As one would expect, most of the U.S. corn is produced in and on the periphery of the Corn Belt. Other area contributing sizable amounts to total production include the western Great Plains (western Nebraska, western Kansas, eastern Colorado and the panhandles of Oklahoma and Texas) and the Mississippi River Delta (Mississippi, Louisiana, and Arkansas).
Soybean production has about the same concentration as corn. To arrive at 50% of total U.S. production it takes 256 counties for soybeans, compared to 220 counties for corn. To arrive at 75% of total U.S. production, it takes 486 counties for soybeans, compared to 456 for corn. To arrive at 90% of total U.S. production, it takes 743 counties for soybeans, compared 753 counties for corn.
The soybean production region has similarities to corn (see map). Most of U.S. production can be accounted for beginning in the Upper Midwest (North Dakota and Minnesota), coming through the Corn Belt and periphery states (South Dakota, Wisconsin, Iowa, Missouri, Illinois, Indiana, Michigan and Ohio) and down the Mississippi River (Missouri, Kentucky, Arkansas, Tennessee, Mississippi and Louisiana). Compared to corn, more soybean production occurs around the Mississippi River and less in the western Great Plains.
Concentration is examined for both corn and soybeans. The following describes methods for corn. The same procedures were used for soybeans.
Total corn production by county came from the National Agricultural Statistical Service (NASS) for 2010, 2011 and 2012. These three years were averaged to arrive at average production for each county in the U.S.
Based on the 2010-2012 average, counties were ranked ordered from highest to lowest production. Then, production totals were calculated for successively more counties. For example, production from the first- and second-largest counties was added together to arrive at production from the two largest counties. Then, production from the three largest counties was added together to arrive at production for the three largest producing counties. This process was repeated until the total from the largest counties just exceeded 50% of total U.S. production from 2010 to 2012. These largest counties then accounted for 50% of total U.S. production. The resulting 220 counties for corn are denoted as dark green on the charts on the previous pages.

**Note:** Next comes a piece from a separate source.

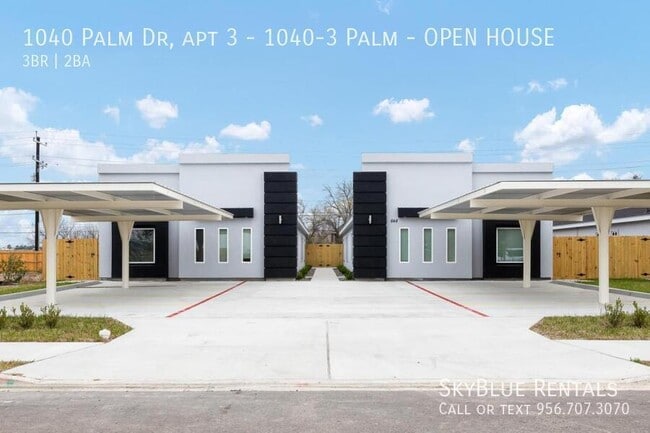 Foto del edificio - 1040 Palm Dr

The above process was repeated to find the largest counties accounting for 75% of production. The resulting 456 counties include the dark green counties representing 50% of total production plus the light green counties. The process was repeated for 90% of total U.S. production. The resulting 753 counties are denoted by dark green, light green and yellow.
The procedure results in the lowest number of counties that account for the specified level of U.S. total production. It does not attempt to control for size of county. The procedure may have a bias for counties with more acres. A procedure holding acreage constant could result in a different map to the one shown in Figure 1. However, large differences from that shown in Figure 1 are not likely.